▶ _PROVIDED DATA_:
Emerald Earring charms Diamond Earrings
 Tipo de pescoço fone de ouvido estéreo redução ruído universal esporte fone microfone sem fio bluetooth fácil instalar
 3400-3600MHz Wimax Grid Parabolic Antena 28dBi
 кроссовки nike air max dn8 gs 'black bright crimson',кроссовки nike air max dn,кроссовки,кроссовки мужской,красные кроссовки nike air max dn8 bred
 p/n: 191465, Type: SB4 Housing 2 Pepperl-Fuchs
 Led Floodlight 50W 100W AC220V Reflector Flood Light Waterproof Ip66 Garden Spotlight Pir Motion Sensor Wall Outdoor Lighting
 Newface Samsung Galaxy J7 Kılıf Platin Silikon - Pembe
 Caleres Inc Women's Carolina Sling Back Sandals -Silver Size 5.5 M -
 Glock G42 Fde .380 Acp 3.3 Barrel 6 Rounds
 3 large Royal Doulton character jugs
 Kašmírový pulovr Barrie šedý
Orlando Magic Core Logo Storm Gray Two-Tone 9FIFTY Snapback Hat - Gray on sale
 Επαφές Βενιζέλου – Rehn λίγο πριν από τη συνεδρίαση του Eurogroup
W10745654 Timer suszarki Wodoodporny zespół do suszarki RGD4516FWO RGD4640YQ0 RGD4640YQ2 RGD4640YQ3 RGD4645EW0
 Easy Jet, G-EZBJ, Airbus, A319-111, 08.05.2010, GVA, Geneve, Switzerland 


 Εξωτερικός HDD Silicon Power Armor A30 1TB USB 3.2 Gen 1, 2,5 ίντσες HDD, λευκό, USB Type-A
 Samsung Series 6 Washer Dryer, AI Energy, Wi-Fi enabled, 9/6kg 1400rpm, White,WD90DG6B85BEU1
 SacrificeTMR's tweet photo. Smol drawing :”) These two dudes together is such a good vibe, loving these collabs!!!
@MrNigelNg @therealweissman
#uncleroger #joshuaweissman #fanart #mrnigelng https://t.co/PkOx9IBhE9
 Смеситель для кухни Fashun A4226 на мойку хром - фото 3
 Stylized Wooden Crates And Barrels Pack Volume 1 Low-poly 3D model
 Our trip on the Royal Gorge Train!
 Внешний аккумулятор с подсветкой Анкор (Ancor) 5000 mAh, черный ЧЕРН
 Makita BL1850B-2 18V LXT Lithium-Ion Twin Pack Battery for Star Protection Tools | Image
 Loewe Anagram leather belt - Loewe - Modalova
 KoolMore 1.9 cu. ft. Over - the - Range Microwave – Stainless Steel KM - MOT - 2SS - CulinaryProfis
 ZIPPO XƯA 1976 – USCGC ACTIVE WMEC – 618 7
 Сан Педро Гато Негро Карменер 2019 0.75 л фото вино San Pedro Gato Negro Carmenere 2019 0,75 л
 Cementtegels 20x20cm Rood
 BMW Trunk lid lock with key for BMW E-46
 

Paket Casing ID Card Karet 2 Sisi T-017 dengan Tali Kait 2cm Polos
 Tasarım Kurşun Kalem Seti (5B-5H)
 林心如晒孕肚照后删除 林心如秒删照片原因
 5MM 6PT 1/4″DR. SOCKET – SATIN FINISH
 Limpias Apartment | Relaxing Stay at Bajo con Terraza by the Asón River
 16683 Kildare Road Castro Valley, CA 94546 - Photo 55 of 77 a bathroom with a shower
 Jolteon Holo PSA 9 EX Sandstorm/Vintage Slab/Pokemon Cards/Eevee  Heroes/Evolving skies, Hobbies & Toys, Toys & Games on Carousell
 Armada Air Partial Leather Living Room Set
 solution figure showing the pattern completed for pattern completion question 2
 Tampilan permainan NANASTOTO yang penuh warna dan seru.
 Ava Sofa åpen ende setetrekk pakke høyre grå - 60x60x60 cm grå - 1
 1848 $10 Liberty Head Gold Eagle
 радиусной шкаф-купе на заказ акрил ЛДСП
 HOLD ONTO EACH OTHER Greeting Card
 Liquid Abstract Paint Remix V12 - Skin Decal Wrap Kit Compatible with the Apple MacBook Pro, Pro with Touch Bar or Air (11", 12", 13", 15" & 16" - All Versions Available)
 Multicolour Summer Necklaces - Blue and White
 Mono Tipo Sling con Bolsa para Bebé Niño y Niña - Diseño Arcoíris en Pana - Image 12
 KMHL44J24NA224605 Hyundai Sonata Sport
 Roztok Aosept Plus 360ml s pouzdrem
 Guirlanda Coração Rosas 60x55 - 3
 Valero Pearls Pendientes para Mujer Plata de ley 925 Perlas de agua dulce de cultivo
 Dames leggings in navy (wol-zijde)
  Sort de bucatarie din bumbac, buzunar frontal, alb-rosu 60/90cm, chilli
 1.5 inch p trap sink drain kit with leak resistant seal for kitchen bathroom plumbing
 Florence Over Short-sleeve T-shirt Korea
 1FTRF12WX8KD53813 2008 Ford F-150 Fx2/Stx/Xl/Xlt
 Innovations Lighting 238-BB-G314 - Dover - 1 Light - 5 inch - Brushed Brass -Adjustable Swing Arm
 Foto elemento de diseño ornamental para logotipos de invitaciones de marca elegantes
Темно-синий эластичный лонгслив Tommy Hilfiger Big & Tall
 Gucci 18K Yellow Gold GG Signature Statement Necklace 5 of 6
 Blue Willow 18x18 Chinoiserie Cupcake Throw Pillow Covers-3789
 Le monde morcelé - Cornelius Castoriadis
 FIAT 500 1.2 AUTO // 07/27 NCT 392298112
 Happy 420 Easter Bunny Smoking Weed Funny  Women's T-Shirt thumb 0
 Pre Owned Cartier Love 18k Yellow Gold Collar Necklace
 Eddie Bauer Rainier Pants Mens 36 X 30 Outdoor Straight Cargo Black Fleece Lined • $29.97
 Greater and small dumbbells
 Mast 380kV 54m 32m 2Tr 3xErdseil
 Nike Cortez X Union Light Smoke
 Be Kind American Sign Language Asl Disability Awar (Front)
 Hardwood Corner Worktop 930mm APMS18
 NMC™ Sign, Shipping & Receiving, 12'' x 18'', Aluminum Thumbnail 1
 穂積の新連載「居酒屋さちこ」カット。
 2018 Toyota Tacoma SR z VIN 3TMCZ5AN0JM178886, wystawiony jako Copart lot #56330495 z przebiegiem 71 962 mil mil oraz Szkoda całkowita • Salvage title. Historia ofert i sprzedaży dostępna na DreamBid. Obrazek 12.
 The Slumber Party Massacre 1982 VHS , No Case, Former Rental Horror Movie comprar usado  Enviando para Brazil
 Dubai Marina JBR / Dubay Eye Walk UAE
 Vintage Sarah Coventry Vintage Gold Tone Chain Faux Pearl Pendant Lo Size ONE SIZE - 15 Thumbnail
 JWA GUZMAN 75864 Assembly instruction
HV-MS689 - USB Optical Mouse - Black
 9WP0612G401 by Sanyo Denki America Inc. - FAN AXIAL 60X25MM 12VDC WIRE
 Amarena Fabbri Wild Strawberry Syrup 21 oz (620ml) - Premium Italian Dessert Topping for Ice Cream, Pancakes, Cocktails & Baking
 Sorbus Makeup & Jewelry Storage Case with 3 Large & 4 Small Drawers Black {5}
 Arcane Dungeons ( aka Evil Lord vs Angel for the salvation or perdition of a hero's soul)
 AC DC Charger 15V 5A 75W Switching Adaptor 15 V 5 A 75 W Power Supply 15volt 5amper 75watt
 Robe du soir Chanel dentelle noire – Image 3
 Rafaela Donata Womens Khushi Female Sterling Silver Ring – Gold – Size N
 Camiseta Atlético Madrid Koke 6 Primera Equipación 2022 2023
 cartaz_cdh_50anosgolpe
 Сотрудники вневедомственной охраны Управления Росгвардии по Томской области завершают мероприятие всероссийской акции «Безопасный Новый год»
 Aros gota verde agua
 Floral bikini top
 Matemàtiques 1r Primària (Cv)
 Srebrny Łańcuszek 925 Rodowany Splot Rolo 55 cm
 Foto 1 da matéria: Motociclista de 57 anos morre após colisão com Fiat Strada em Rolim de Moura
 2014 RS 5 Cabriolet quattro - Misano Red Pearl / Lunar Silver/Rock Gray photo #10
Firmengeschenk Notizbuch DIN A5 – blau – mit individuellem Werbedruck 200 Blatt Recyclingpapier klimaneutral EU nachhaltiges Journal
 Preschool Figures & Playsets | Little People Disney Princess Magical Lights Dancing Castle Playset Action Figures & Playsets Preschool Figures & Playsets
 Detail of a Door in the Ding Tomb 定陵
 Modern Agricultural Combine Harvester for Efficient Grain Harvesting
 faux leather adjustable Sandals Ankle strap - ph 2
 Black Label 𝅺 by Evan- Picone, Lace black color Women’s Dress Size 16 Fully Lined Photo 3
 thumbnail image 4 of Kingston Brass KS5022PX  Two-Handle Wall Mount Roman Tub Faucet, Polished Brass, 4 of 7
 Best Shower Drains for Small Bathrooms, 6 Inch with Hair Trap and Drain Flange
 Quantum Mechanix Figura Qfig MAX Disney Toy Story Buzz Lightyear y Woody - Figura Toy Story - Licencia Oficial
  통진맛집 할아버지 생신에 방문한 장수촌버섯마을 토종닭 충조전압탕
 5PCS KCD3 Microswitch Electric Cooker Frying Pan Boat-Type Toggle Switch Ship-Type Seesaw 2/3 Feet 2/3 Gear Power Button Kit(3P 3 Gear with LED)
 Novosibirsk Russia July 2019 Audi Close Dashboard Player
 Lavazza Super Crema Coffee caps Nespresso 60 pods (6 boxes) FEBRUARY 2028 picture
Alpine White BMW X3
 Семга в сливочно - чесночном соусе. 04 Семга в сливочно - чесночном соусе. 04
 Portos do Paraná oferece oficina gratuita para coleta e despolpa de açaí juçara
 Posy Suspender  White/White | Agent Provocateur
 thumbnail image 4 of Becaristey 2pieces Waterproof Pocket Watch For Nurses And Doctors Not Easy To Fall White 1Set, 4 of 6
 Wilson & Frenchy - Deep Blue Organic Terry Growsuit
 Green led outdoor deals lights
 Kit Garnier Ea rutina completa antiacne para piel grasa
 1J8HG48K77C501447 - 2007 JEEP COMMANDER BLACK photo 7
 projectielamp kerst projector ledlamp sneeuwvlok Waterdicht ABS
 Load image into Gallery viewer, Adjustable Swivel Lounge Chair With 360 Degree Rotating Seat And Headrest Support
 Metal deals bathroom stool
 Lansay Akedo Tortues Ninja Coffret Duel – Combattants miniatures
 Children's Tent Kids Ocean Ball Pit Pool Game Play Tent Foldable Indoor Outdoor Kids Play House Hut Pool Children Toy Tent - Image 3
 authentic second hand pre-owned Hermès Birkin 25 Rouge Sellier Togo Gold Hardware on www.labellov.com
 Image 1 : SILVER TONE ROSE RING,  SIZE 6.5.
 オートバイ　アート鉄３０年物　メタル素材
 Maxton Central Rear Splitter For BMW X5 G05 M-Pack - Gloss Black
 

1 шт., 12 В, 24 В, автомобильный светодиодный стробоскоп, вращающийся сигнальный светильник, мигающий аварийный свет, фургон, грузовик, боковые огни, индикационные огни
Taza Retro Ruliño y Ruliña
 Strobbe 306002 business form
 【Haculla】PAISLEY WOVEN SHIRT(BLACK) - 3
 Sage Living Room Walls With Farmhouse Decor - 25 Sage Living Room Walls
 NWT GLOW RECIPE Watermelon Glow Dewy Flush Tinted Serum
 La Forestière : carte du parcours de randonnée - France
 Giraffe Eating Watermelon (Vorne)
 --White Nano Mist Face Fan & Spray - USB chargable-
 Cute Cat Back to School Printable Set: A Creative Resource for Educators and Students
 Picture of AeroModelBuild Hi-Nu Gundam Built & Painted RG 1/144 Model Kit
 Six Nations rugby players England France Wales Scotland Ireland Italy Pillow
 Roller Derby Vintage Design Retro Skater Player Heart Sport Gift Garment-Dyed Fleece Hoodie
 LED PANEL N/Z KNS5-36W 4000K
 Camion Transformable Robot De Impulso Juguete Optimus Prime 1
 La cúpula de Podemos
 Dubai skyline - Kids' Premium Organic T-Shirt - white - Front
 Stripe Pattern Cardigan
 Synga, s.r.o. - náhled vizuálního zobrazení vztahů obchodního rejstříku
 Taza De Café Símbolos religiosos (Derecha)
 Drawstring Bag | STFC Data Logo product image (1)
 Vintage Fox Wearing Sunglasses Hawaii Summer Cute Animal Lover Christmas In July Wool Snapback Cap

▶ _EXERCISE DETAILS_: Reproduce exactly the line containing "Green led outdoor deals lights" and every line after it through the end of the records above, and nothing else.

▶ _EXERCISE ANSWER_:
 Green led outdoor deals lights
 Kit Garnier Ea rutina completa antiacne para piel grasa
 1J8HG48K77C501447 - 2007 JEEP COMMANDER BLACK photo 7
 projectielamp kerst projector ledlamp sneeuwvlok Waterdicht ABS
 Load image into Gallery viewer, Adjustable Swivel Lounge Chair With 360 Degree Rotating Seat And Headrest Support
 Metal deals bathroom stool
 Lansay Akedo Tortues Ninja Coffret Duel – Combattants miniatures
 Children's Tent Kids Ocean Ball Pit Pool Game Play Tent Foldable Indoor Outdoor Kids Play House Hut Pool Children Toy Tent - Image 3
 authentic second hand pre-owned Hermès Birkin 25 Rouge Sellier Togo Gold Hardware on www.labellov.com
 Image 1 : SILVER TONE ROSE RING,  SIZE 6.5.
 オートバイ　アート鉄３０年物　メタル素材
 Maxton Central Rear Splitter For BMW X5 G05 M-Pack - Gloss Black
 

1 шт., 12 В, 24 В, автомобильный светодиодный стробоскоп, вращающийся сигнальный светильник, мигающий аварийный свет, фургон, грузовик, боковые огни, индикационные огни
Taza Retro Ruliño y Ruliña
 Strobbe 306002 business form
 【Haculla】PAISLEY WOVEN SHIRT(BLACK) - 3
 Sage Living Room Walls With Farmhouse Decor - 25 Sage Living Room Walls
 NWT GLOW RECIPE Watermelon Glow Dewy Flush Tinted Serum
 La Forestière : carte du parcours de randonnée - France
 Giraffe Eating Watermelon (Vorne)
 --White Nano Mist Face Fan & Spray - USB chargable-
 Cute Cat Back to School Printable Set: A Creative Resource for Educators and Students
 Picture of AeroModelBuild Hi-Nu Gundam Built & Painted RG 1/144 Model Kit
 Six Nations rugby players England France Wales Scotland Ireland Italy Pillow
 Roller Derby Vintage Design Retro Skater Player Heart Sport Gift Garment-Dyed Fleece Hoodie
 LED PANEL N/Z KNS5-36W 4000K
 Camion Transformable Robot De Impulso Juguete Optimus Prime 1
 La cúpula de Podemos
 Dubai skyline - Kids' Premium Organic T-Shirt - white - Front
 Stripe Pattern Cardigan
 Synga, s.r.o. - náhled vizuálního zobrazení vztahů obchodního rejstříku
 Taza De Café Símbolos religiosos (Derecha)
 Drawstring Bag | STFC Data Logo product image (1)
 Vintage Fox Wearing Sunglasses Hawaii Summer Cute Animal Lover Christmas In July Wool Snapback Cap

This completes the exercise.